(ASSIGNMENT) Write out exactly the lines below that run from the line containing "Blouse à épaules" through the last line of the records.

(MATERIAL PROVIDED)
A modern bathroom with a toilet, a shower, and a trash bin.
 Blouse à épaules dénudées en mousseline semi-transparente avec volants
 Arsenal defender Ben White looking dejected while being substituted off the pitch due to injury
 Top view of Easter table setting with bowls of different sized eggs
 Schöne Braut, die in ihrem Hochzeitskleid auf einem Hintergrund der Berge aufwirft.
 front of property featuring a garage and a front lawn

(TASK SOLUTION)
 Blouse à épaules dénudées en mousseline semi-transparente avec volants
 Arsenal defender Ben White looking dejected while being substituted off the pitch due to injury
 Top view of Easter table setting with bowls of different sized eggs
 Schöne Braut, die in ihrem Hochzeitskleid auf einem Hintergrund der Berge aufwirft.
 front of property featuring a garage and a front lawn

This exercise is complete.